Email received says "For a limited time all of your 3rd Party Hosted Images have been restored. Please login to choose the plan that best fits your needs to continue hosting your images.", with the emphasis on "limited time". So not a total climbdown.


----------



## Hoggy

Hi, 3rd party hosting will cost $29.99 monthly.
Hoggy.


----------



## John-H

They are obviously struggling to implement this. I wonder if someone will buy them out?


----------



## Nem

Hoggy said:


> Hi, 3rd party hosting will cost $29.99 monthly.
> Hoggy.


Nope, thats annually. 

Beginner+:
2Gb
3rd Party Image Hosting
No Advertisements
Link Sharing
Image Editor
HTTPS Supported
$2.99/mo / $29.99/an

Intermediate:
20Gb
3rd Party Image Hosting
No Advertisements
Link Sharing
Image Editor
HTTPS Supported
$6.49/mo / $69.99

And it says - More plan options and features are in the works!

http://photobucket.com/plans/


----------



## Hoggy

Nem said:


> Hoggy said:
> 
> 
> 
> Hi, 3rd party hosting will cost $29.99 monthly.
> Hoggy.
> 
> 
> 
> Nope, thats annually.
Click to expand...

Hi,  
Hoggy.


----------



## Nem

Hoggy said:


> Nem said:
> 
> 
> 
> 
> 
> Hoggy said:
> 
> 
> 
> Hi, 3rd party hosting will cost $29.99 monthly.
> Hoggy.
> 
> 
> 
> Nope, thats annually.
> 
> Click to expand...
> 
> Hi,
> Hoggy.
Click to expand...

Actually confusing as this page is still active:

http://photobucket.com/pricing


----------



## alexgreyhead

Oh Photobucket, have you realised nobody's prepared to pay up after you held us all to ransom? [smiley=bigcry.gif]

I have no sympathy for their bullying tactics - none whatsoever.

(Yes, I'm grumpy - just woke up from a nap and need something to eat... :mrgreen: )

/Al


----------



## SwissJetPilot

*How to: Tips for Editing Pictures, Uploading Images & Files, Posting Fault Scans and Adding URL Links*

To avoid problems of broken links or lost pictures with image sharing website like Photobucket, I've provided some instructions for how you can easily upload images directly into your post. I would recommend not using URLs as they have a habit of becoming broken or lost over time. This is especially true with eBay references where the product may have been sold or deleted from the website. Over time, things on the internet change. But if you upload an image directly into your post, it will be here for the duration. 

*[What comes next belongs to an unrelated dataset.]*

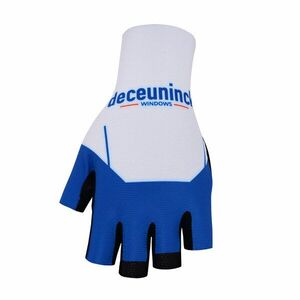 BONAVELO Cyklistické rukavice krátkoprsté - QUICKSTEP - modrá 2XL obraz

I've also included some information on how to capture and manipulate images with a very simple program called "Snipping Tool". It's free and comes pre-loaded with MS Windows. Some may complain the image resolution isn't as sharp as the original image file when you snip it and save it. But for a quick and easy way to do it, the Snipping Tool works just fine for me. Please note, this tutorial is written for Windows users, but the uploading method at Step 6 should work for both PC and Apple users.

*Using the Snipping Tool*

*NOTE* - If you just want to upload an image directly into your post, skip down to Step 6.

*1.)* To find the Snipping Tool program, click on the Start icon in the bottom left of Windows. Enter "snip" in the search field and the icon will appear on the menu. I keep mine in the tool bar at the bottom for easy access so you can either create a desk-top short cut or place it directly into the tool bar. I'm using Windows 7 so if you use a newer version of Windows, how you find it may be slightly different.

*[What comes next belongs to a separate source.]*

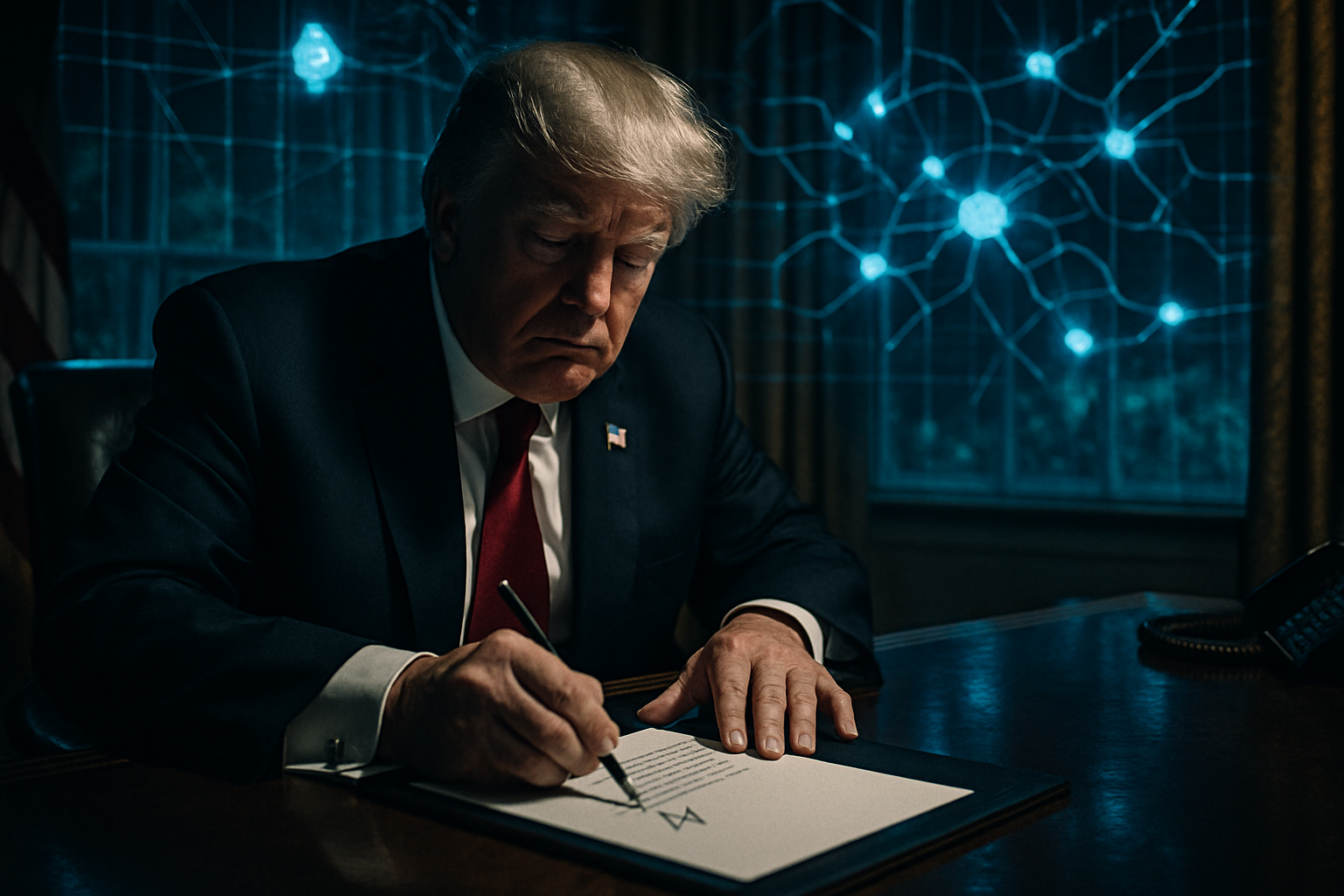 President Trump signs executive order to advance AI use in national security enterprise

*2.)* First find the picture you want to work with. It can be any image you've already uploaded onto your PC or even an image from a web page or a paused YouTube video, etc. Any image displayed on your screen will work. In this example, I want to show only part of the TT instrument panel. With the Snipping Tool, I can select as much or as little of an image as I want.









*3.)* Click on the Snipping Tool icon and a small window will pop up like this. Simultaneously, your entire display will dim out slightly letting you know the tool is now active and a cross-hair will appear.

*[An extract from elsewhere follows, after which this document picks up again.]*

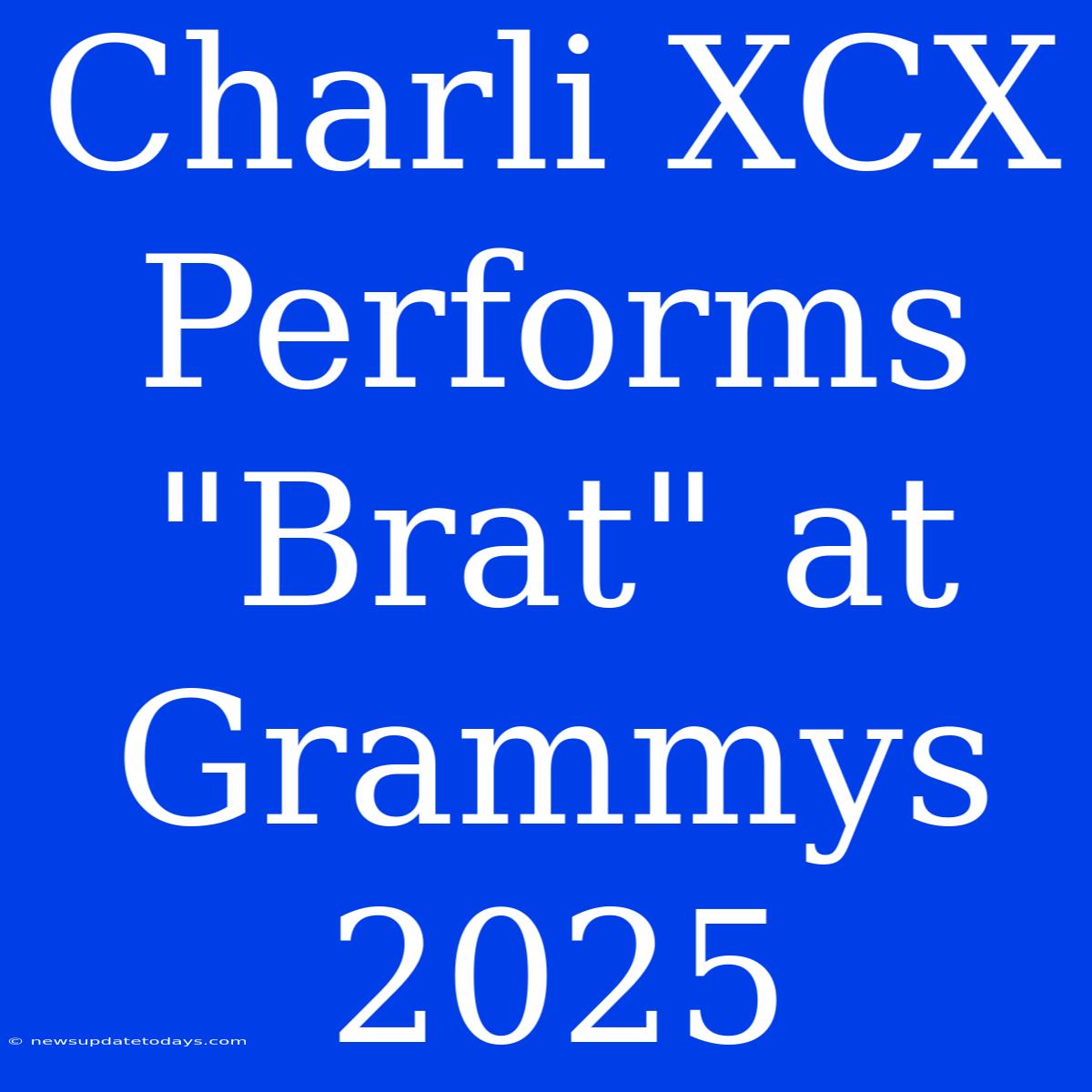 Charli XCX Performs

*4.)* Simply move the cross-hair to the top left corner of the image you want to save, left click the mouse, drag the red-outline around the area you wish to capture and then release the left mouse button.









*5.)* A Snipping Tool window will appear with your captured image in the center. If you're okay with it, click on "Save". If not, click "New" and start again. Once you have what you want, save it in a folder somewhere. If you plan on uploading a number of pictures, it's best to keep the same name and then number them (e.g. interior-01, interior-02, etc.) 
Note - the captured image is now in your clipboard, meaning it's ready to paste directly into a document or program using [Ctrl]+[V].









*Uploading Images and Files*

*6.)* Create your post and then scroll down below the post text window and click the "Upload attachment" tab. Click the [Choose File] button, go to the folder where you keep it, select and double-click the image or document file (PDF) you want to upload. Then click [Add the file]. As you repeat this process of uploading your images, you'll see them stacking up in the reverse order they were uploaded (e.g. the last one will be at the top of the list).









*7.)* Now you have two choices, you can either leave them as attachments to the post or place the image inline with your text. To leave it as an attachment, just finish typing your post and click the [Submit] button and the post, along with the image, will be displayed.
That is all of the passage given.